The Mississippi Valley League (MVL) was a baseball Class D level minor league that operated from 1922 through 1933. Playing its last year as a Class B level league, the league franchises were based in Iowa and Illinois. Like many leagues at the time, the Great Depression led to its demise. The Mississippi Valley League was founded by Michael H. Sexton, of Rock Island, Illinois, who was then president of the National Association of Professional Baseball Leagues.

==History==
The league began play in 1922 with six teams: the Cedar Rapids Bunnies, Marshalltown Ansons, Rock Island Islanders, Waterloo Hawks, Ottumwa Cardinals and the Dubuque Climbers. There were no formal playoffs, and the Bunnies finished in first place. All teams from 1922 returned for 1923 with the Climbers finishing first in the league. Again, there were no formal playoffs.

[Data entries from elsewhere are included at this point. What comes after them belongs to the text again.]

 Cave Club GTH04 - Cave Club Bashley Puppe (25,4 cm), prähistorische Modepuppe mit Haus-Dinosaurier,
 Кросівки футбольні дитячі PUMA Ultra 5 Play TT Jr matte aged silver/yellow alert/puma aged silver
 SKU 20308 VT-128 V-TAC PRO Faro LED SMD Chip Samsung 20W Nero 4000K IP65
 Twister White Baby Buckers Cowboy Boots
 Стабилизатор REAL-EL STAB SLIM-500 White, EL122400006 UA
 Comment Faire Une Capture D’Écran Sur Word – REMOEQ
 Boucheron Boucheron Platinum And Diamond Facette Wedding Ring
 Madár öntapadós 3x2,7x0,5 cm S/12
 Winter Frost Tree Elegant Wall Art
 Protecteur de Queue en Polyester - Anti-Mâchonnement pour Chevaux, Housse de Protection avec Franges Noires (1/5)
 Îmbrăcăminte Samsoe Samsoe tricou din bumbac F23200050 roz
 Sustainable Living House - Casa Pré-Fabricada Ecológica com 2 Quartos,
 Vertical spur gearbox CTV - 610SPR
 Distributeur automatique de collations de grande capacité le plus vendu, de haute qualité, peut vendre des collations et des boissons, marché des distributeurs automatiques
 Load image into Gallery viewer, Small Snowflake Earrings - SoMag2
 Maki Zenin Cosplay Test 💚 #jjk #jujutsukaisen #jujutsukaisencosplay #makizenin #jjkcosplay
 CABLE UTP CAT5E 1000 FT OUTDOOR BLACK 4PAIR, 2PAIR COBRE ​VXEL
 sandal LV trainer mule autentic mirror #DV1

In 1924, the league expanded to eight teams, adding the Moline Plowboys and Burlington Bees. The Dubuque Climbers became the Dubuque Dubs, though the other teams remained the same. The Hawks finished first in the league.

All teams from 1924 returned for 1925, with the Dubs becoming the Dubuque Ironmen. The Bunnies finished first in the league for the second time four years. In 1926, the Ottumwa Cardinals became the Ottumwa Packers and the Dubuque Dubs became the Dubuque Speasmen, named after their manager Bill Speas. The Packers finished in first place.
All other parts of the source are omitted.